When we look at positive words general trend is that for limited dictionary values of coefficients are lower than before. 

In [296]:
#a) Predict the sentiment of test data reviews.
y_pred_limited = model_limited.predict(X_test_limited)
print(y_pred_limited)

#b) Predict the sentiment of test data reviews in terms of probability.
probability_arr_limited = model_limited.predict_proba(X_test_limited)
print(probability_arr_limited)

[1 1 1 ... 1 1 1]
[[0.00155491 0.99844509]
 [0.21430537 0.78569463]
 [0.14294781 0.85705219]
 ...
 [0.08963436 0.91036564]
 [0.08880771 0.91119229]
 [0.27684922 0.72315078]]


In [297]:
#c) Find five most positive and most negative reviews.
class1=[]
class2=[]
for row in probability_arr_limited:
  class1.append(row[0])
  class2.append(row[1])

class1 = [(idx, item) for idx,item in enumerate(class1)]
class2 = [(idx, item) for idx,item in enumerate(class2)]

class1.sort(key=lambda a: a[1], reverse=True)
class2.sort(key=lambda a: a[1], reverse=True)

print("------ Negative reviews ------ ")
for elem in class1[:5]:
  print(reviews_test[elem[0]][0])
  print("class:", y_test[elem[0]], '\n')

print("------ Positive reviews ------ ")
for elem in class2[:5]:
  print(reviews_test[elem[0]][0])
  print("class:", y_test[elem[0]], '\n')


------ Negative reviews ------ 
My wife has been sucessful using the pump but generally speaking the pump has numerous idiosyncrasies that you should consider before purchasing it  Had we done more homework we likely would have chosen a different pump  If only you could return a personal item to Babies r Us once youve opened it we wouldMy main complaint is that the pump is not very practical  While my wife expresses a fair amount of milk using the product she obtained the same amount of milk using the Medela pump Symphony  There is a long unrelated story why we rented a Medela pump for 2 weeks but it provided a useful period to compare the products sidebysideIn order of importanceSetup  A lot of parts to plug in connect and ultimately clean not to mention misplace or loose  Medela has this pump beat handsdown on this front  Managing this process at home is a chore if youre pumping at work I would imagine this becomes even more difficult  I suppose this is why Avent dont provide the opt

In negative reviews is one badly classified, we can see that this model is doing a bit worse.

In [298]:
#d) Calculate the accuracy of predictions.

correct_num = 0
total_num = len(y_test)
for x,y in zip(y_pred_limited, y_test):
  if x == y:
    correct_num += 1

print("Accuracy: ", correct_num/total_num)
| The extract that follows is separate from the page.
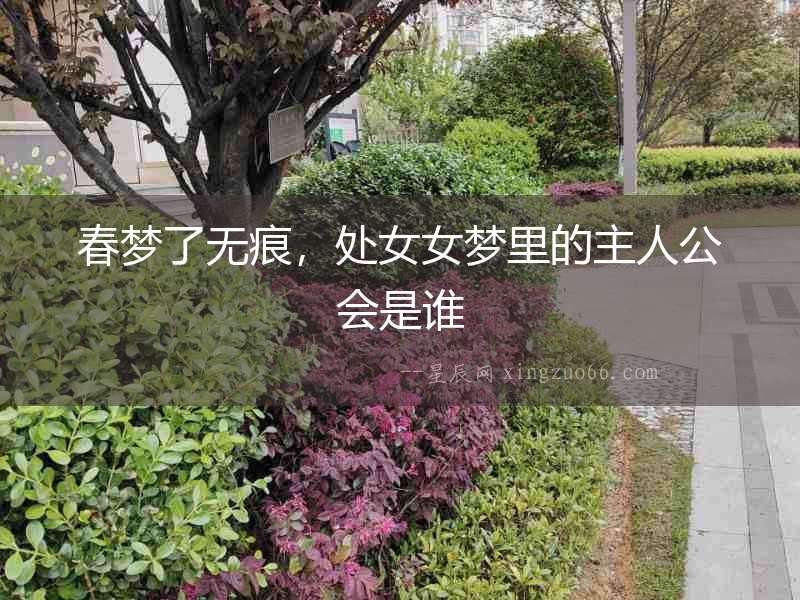 春夢了無痕，處女女夢里的主人公會是誰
Accuracy:  0.8686682924879063


Here accuracy is much lower than before. So predictions were better with the full dictionary.

c)
logistic regression + fit model for all words:  2m 2.4s       
for limited dictionary:                         0.2s

The difference in time is significant when we have a limited dictionary we can do predictions much faster, than with a full dictionary.